_Your goal:_ Using the listing below, retype exactly the lines starting at the one with "A hotel room" and ending at the one with "Covered wheelchair ramp", and include both.

........

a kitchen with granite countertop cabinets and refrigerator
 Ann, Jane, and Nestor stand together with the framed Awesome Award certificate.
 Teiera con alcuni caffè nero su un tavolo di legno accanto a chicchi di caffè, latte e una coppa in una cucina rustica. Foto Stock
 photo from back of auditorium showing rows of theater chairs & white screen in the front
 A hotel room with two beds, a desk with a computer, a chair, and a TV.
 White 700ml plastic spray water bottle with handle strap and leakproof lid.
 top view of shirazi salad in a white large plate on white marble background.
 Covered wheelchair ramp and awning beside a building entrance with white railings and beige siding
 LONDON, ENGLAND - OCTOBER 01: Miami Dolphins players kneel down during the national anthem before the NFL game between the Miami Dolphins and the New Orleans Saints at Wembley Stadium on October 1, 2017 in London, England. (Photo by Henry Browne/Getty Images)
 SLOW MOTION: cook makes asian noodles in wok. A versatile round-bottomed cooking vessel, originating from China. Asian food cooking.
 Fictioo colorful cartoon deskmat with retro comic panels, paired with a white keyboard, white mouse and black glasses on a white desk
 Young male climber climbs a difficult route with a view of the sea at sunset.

........

_Result of this exercise:_
 A hotel room with two beds, a desk with a computer, a chair, and a TV.
 White 700ml plastic spray water bottle with handle strap and leakproof lid.
 top view of shirazi salad in a white large plate on white marble background.
 Covered wheelchair ramp and awning beside a building entrance with white railings and beige siding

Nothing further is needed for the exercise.